I have followed the suspension and recent reinstatement of Orange

Coast College professor Kenneth Hearlson with special interest because of

my own teaching background.

Several things strike me about this affair, which was drawn out much

too long. First, it was mishandled by the administration, which should

have included the department faculty in an immediate hearing and thus

avoided the charges of abuse of power when Hearlson was suspended.

Second, the academic freedom question was a no-brainer from the

beginning, and allowing it to become an issue alienated groups that might

have been sympathetic to the administration on other grounds. And, third,

teachers who now say they are curtailing classroom debate because this

affair has had a “chilling effect” on teaching freedom are misreading

what took place. If anything, they probably have more latitude than they

had before, and if they don’t believe that, they should start pushing the

edges to find out.

Unfortunately, the issue of academic freedom can sometimes be used to

obscure the rational limits of classroom teaching behavior.
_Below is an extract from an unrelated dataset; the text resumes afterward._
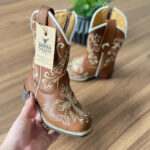 Texana Maria Infantil - Couro Mustangue/Bordado Padroeira e Cruz Bege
That was the

real issue here and the reason for the administrative letter of

“reprimand” that followed Hearlson’s reinstatement. But the way this

affair played out, the letter simply acerbated all the bad feeling that

could have been mitigated early on by Hearlson’s peers working with the

administration.

I was teaching in the English Department at UC Irvine during the

chaotic campus period of the Vietnam War. We had several instances

similar to the Hearlson episode. There was a process in place to handle

them that began with faculty committees and ended with administrative

action in which faculty recommendations weighed heavily. And although

those decisions seldom left everyone happy, they did grow out of the

credibility of an established procedure.

But I find the review process both less important and less interesting

than the dynamics of teaching -- especially at the college level, where

very few classroom restrictions beyond command of the subject matter are

put on a qualified teacher. The almost unlimited possibilities for

crossing the line into some form of inappropriate classroom behavior are

entirely under the control of the teacher and his or her ethical

sensibilities.

There are few power trips more exhilarating than standing before a

classroom of college students to whom you represent knowledge they would

like to acquire and the wisdom and experience to put it in a workable

perspective. The teacher is on all the time, and it is almost impossible

to avoid a sense of performing. The recent play -- now on Broadway --

about Cal Tech’s Richard Feynman is a case in point. He was both an

outstanding teacher and a fine performer.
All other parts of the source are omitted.